Margaret’s parents, Patrick and Ethel, were fine with this as long as Jim became a Catholic – and let’s face it, Jim would have signed up for anything to marry Margaret – but Jim’s mother would not consent, because of her religious convictions. So, as you may read in many newspaper accounts, the issue went before a BC court which decided that if you were old enough to serve your country in the Armed Forces, you were old enough to marry. And so, unintendedly, Jim and Margaret set a legal precedent without which many of us would not be here today.
As I mentioned earlier, the years after WWII were the true heroic years for both Margaret and Jim as their love and sacrifices shone in the lives of their children and deeply within their communities. Jim worked two jobs much of his life thereafter to support his family and he served beyond this as a great organizer within the community.
These skills, sustained by the love he received from Margaret, enabled Jim to reach out to many with love and patience. Here in Victoria it showed itself in the work he did for the homeless and in organizing low-cost housing for many. It showed itself until the day he died in his generosity to any who asked for this help and in his endless work for refugees, both through sponsorship and provisions thereafter.
I would be remiss however if I left the impression that Dad was faultless. When our dear mother passed away, almost ten years ago, Dad seemed to become somewhat rudderless again. It was as if a light showing him the way went out. He struggled at times and was taken advantage of.
But in the end Dad was at peace and looked forward to being with Margaret in the next plane. I know this not only because he told us that he was not afraid but more than this, he told us, through our sister Rita that he was happy and loved us and would see us later.

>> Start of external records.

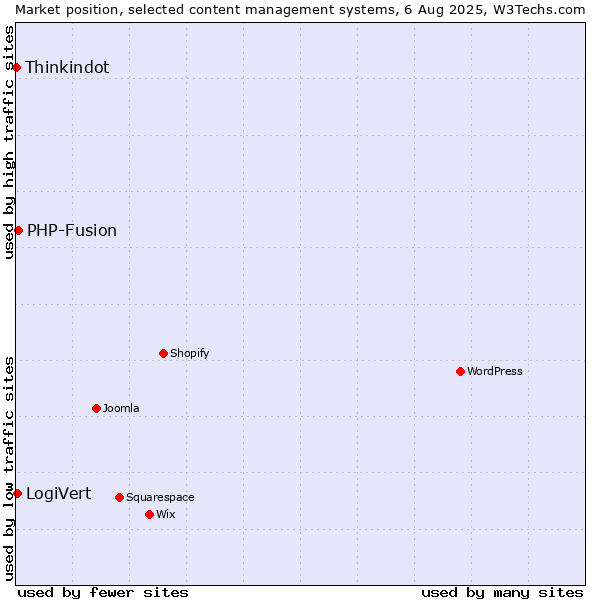 Market position of PHP-Fusion vs. LogiVert vs. Thinkindot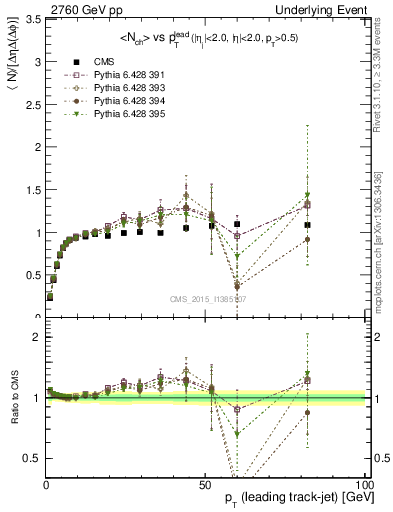 Plot of nch-vs-pt-trnsMax in 2760 GeV pp collisions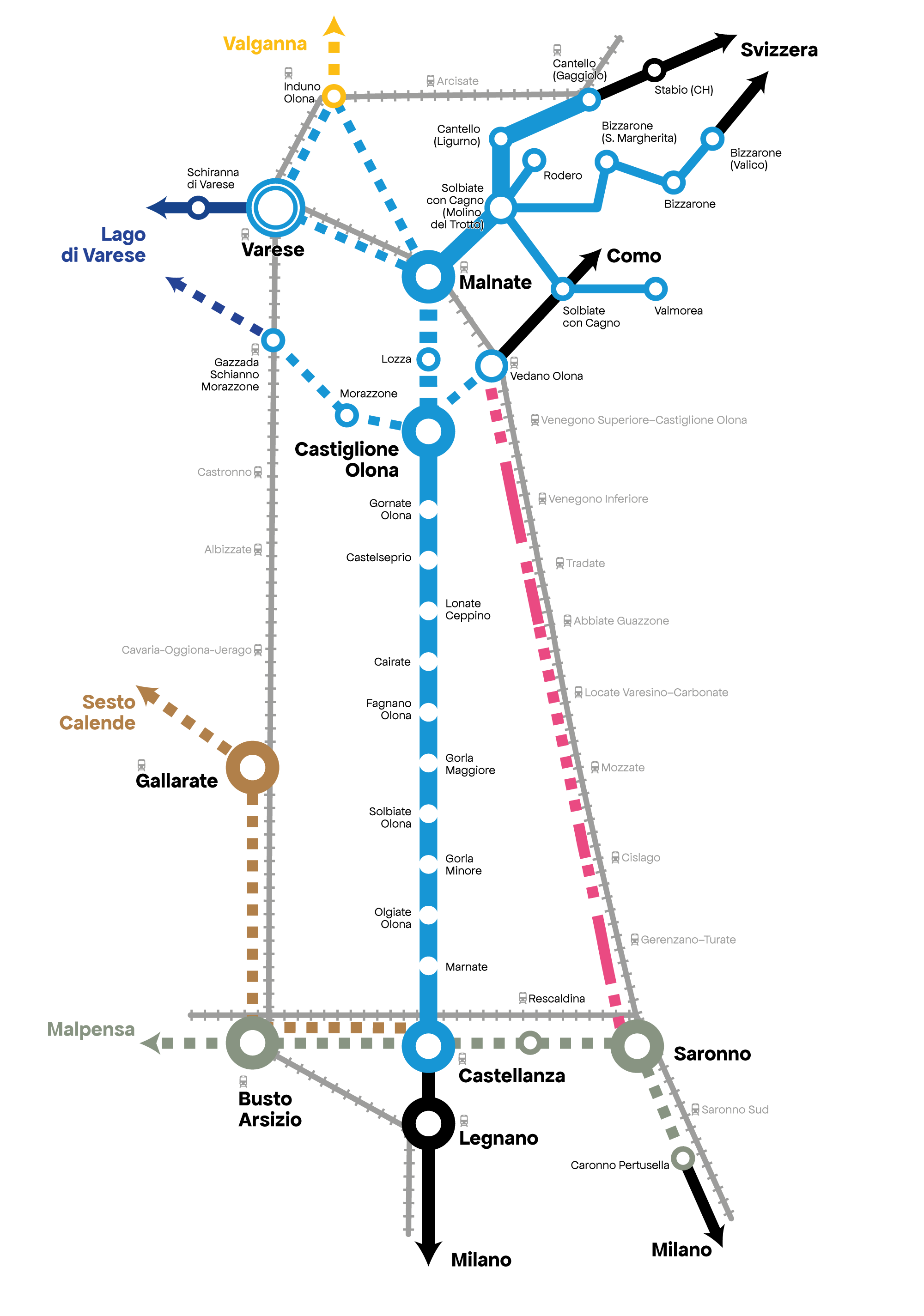 schema_Olona.png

He smiled at Rita in his last hours, winked at her, and blew her many kisses. I believe these kisses were for all of us for he loves each of us as he has proven in his life and knows he will see us at the banquet prepared for all of us that can love as he did.
And so Dad we love you and forgive you for any injuries you may have caused and we ask that you and Mom continue to love us and forgive our faults. When you were born you were crying and full of distress but all around you were smiling and full of joy. As you leave us you are smiling and all of us are left in tears.
Jim Jamieson Jr. served as a social worker in the military. He still works in the field of post traumatic stress therapy based in Ottawa.